▸ **DATA FOR THIS EXERCISE**
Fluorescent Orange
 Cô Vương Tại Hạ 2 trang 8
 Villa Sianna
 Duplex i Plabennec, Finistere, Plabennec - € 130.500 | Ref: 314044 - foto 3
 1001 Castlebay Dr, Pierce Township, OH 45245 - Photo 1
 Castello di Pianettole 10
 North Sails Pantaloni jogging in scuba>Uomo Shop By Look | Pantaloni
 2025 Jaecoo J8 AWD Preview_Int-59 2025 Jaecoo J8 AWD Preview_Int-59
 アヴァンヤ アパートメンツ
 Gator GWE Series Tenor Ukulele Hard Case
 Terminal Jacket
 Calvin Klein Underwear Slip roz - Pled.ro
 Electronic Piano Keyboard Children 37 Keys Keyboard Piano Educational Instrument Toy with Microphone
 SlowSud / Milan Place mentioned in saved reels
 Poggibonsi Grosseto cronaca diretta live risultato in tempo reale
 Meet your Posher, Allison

▸ **PROBLEM DESCRIPTION**
From the first line of the records to the line containing "North Sails Pantaloni", inclusive, transcribe everything exactly and leave out the rest.

▸ **WRITTEN SOLUTION**
Fluorescent Orange
 Cô Vương Tại Hạ 2 trang 8
 Villa Sianna
 Duplex i Plabennec, Finistere, Plabennec - € 130.500 | Ref: 314044 - foto 3
 1001 Castlebay Dr, Pierce Township, OH 45245 - Photo 1
 Castello di Pianettole 10
 North Sails Pantaloni jogging in scuba>Uomo Shop By Look | Pantaloni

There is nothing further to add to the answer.